* [HOW TO COMPLETE THIS TASK]:
From the first line of the material below through the line containing "Größentabelle für individuell", print every line exactly as it stands, but no pictures.

SUPPLIED INFORMATION below:

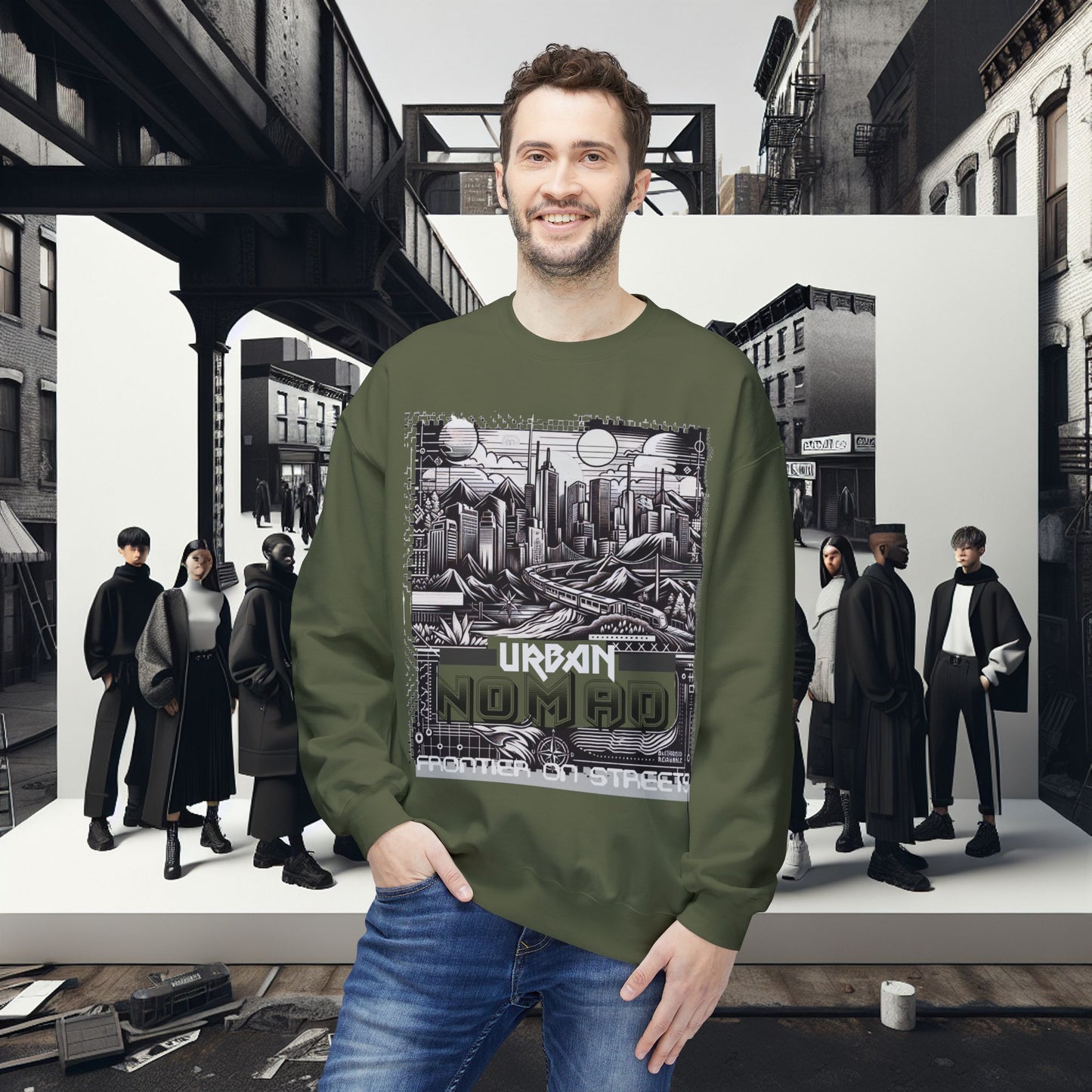 Urban Nomad Fleece Crewneck Sweatshirt_ UWD 0027_ | Cozy Streetwear Style, Perfect for Travel, Gifts, Fall & Winter Layers, Graphic Pullover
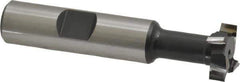 Interstate - 21/32" Cut Diam, 17/64" Cut Width, 21/64" Neck Diam, 1/2" Shank Diam, 2-11/16" OAL, High Speed Steel T-Slot Cutter - TiN Finish, 5/16" Bolt, 1-13/16" Shank Length, Staggered Teeth - Apex Tool & Supply
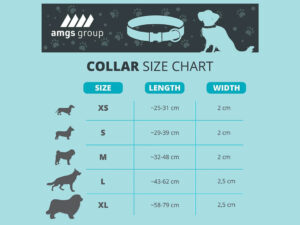 Größentabelle für individuell personalisierte Hundehalsbänder mit Maßen für die Größen XS bis XL.
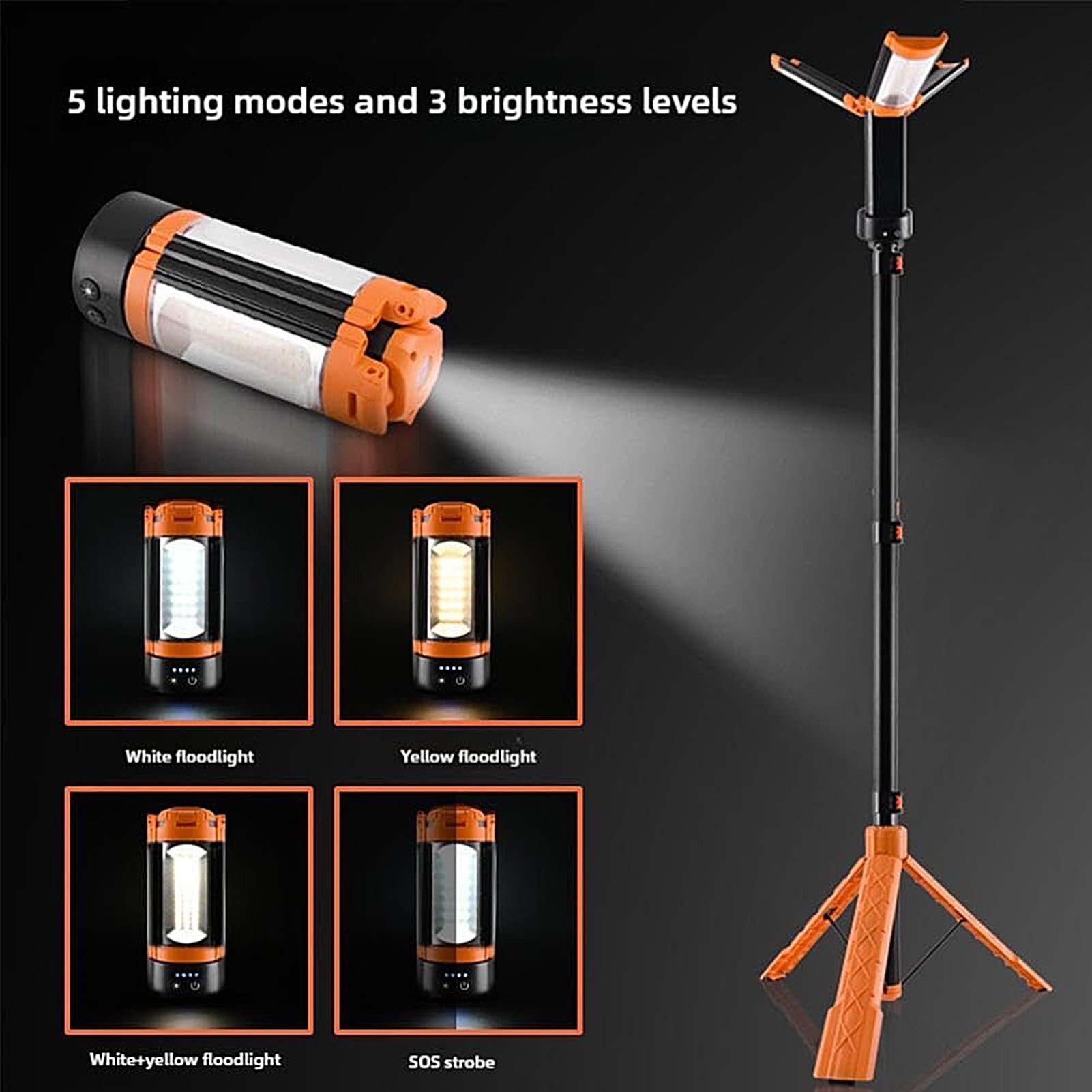Latarka kempingowa teleskopowa 4 tryby, 10000mAh przenośna lampa LED ze | Przenośna latarka robocza do warsztatu, garażu, inspekcji, napraw, ciężarówek, wędkowania,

End of SUPPLIED INFORMATION.

* [SOLUTION TO THIS PROBLEM]:
 Urban Nomad Fleece Crewneck Sweatshirt_ UWD 0027_ | Cozy Streetwear Style, Perfect for Travel, Gifts, Fall & Winter Layers, Graphic Pullover
 Interstate - 21/32" Cut Diam, 17/64" Cut Width, 21/64" Neck Diam, 1/2" Shank Diam, 2-11/16" OAL, High Speed Steel T-Slot Cutter - TiN Finish, 5/16" Bolt, 1-13/16" Shank Length, Staggered Teeth - Apex Tool & Supply
 Größentabelle für individuell personalisierte Hundehalsbänder mit Maßen für die Größen XS bis XL.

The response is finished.